The modern DSO might only have 2 or 3 real attenuation steps when the smaller in-between steps are done in IC's where the attenuation steps are driven by SW.

ZimmerJ

Joined Dec 9, 2020
58
This is necessary as every change in input attenuation (V/div) is in essence another circuit and therefore needs to be kept matched to the probe for accurate waveform reproduction and this issue is more prevalent with a 10x probe.
The modern DSO might only have 2 or 3 real attenuation steps when the smaller in-between steps are done in IC's where the attenuation steps are driven by SW.
Okay, that makes sense. So let's sum it up a bit. Say we are going with 1x attenuation at the probe, regardless of the attenuation of the volt/div-circuitry, you maintain a "steady" compensation by having a fixed RC-network at the input?

If this is the case, i believe i am missing some theory here. Since there is already cable capacitance of the probe, i believe this is not to be expected a "steady" capacitance? Does this mean that applying a capacitor in parallel (input capacitance), counters this somehow?

Or is it that most probes have a certain level of capacitance, that needs to be increased with a parallel capacitor, in order to achieve good compensation?

MrChips

Joined Oct 2, 2009
24,990
Every oscilloscope without using a probe has a certain input impedance and frequency response.

You add a probe for one primary reason - to increase the input impedance of the measuring system.
The typical input impedance of the oscilloscope is 1MΩ.
You add a x10 probe to increase the measuring impedance to 10MΩ. The downside of this is you lose 20dB in signal amplitude. An upside is you extend the bandwidth of the measuring system, the probe and the oscilloscope.

ZimmerJ

Joined Dec 9, 2020
58
Every oscilloscope without using a probe has a certain input impedance and frequency response.

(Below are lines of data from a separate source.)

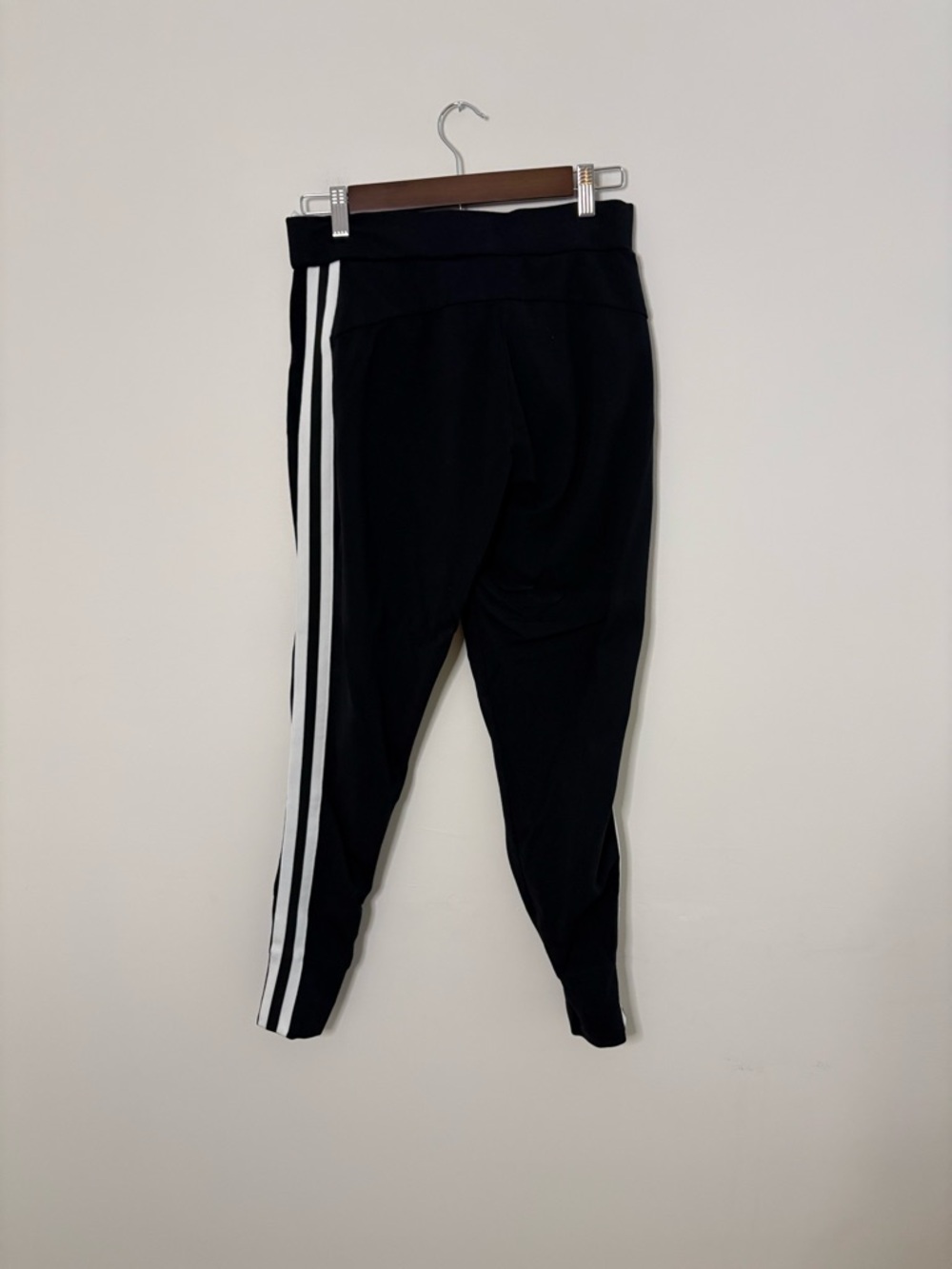 Athleta Women’s 27” Black Jogger Pants Zip Pockets EUC - Picture 3 of 7
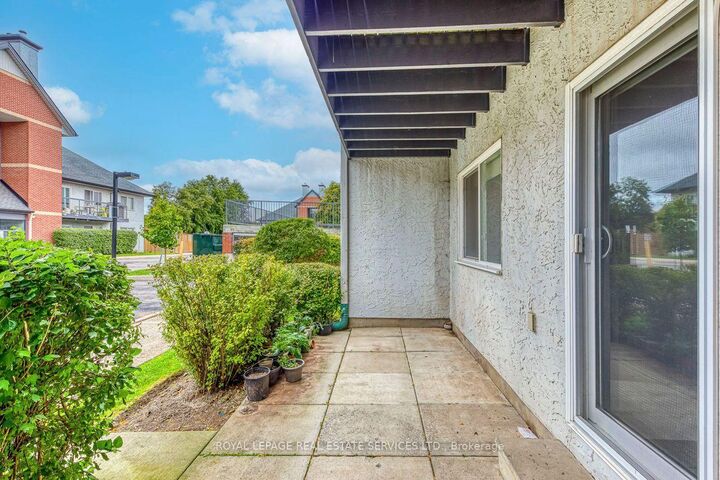 Property Photo:  1450 Glen Abbey Gate 911  ON L6M 2V7 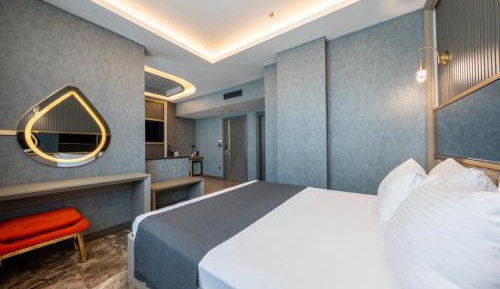 Large Double Room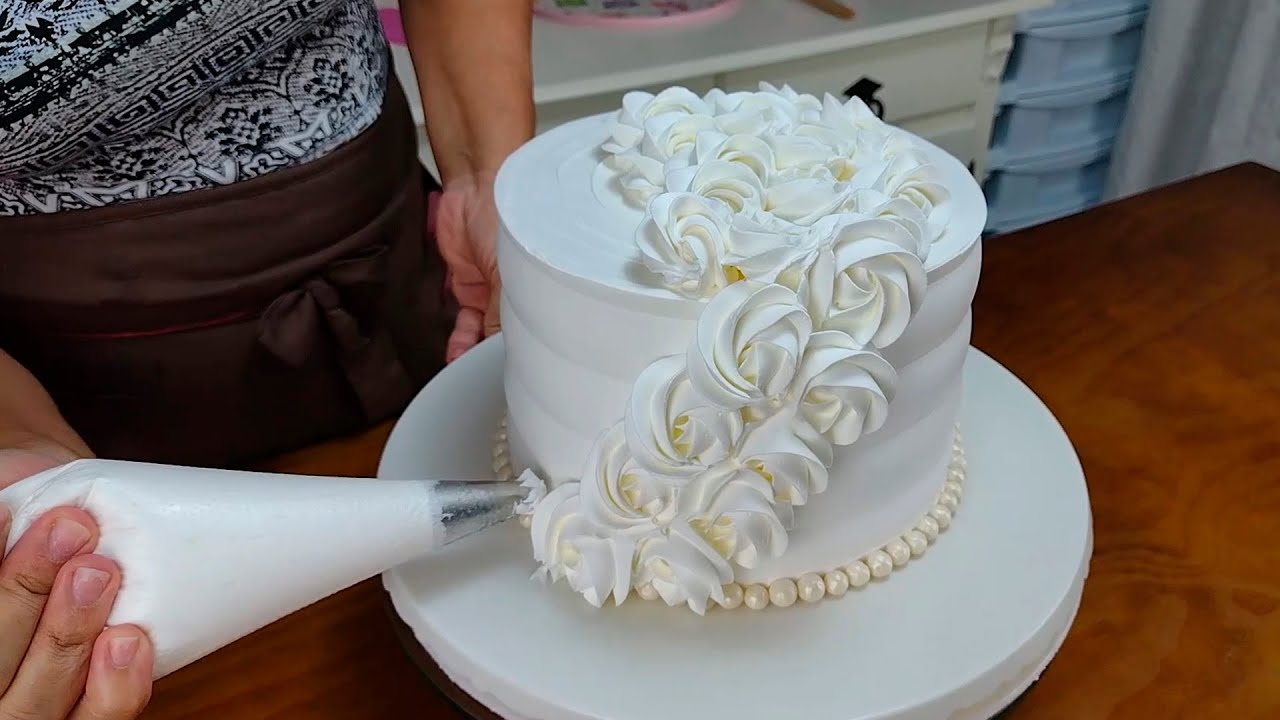 UMA DECORAÇÃO DE BOLO QUE VOCÊ VAI ADORAR🦋  / USEI A ESPÁTULA DE TEXTURA NUMERO 9 E O  BICO 1 M 😍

You add a probe for one primary reason - to increase the input impedance of the measuring system.
The typical input impedance of the oscilloscope is 1MΩ.
You add a x10 probe to increase the measuring impedance to 10MΩ. The downside of this is you lose 20dB in signal amplitude. An upside is you extend the bandwidth of the measuring system, the probe and the oscilloscope.
I appreciate the answer, but you are leaving out the capacitance value, which is what i am trying to figure out.

As you say, you add a 10x probe to increase impedance, and it accomplishes that for higher frequencies by including a capacitor that's ends up being in series to the cable capacitance. Serial capacitors sums up a lower capacitance, which in turn increases impedance. But this is the thing, because now there is also a capacitor at the input that ends up being parallel to the probe capacitance, and this means higher capacitance and lower impedance. So why apply input capacitance when it works against the whole purpose of attenuating the signal?

I am pretty sure it's not only stray capacitance so i have a strong feeling that the general 15-30 pF is there for a particular reason.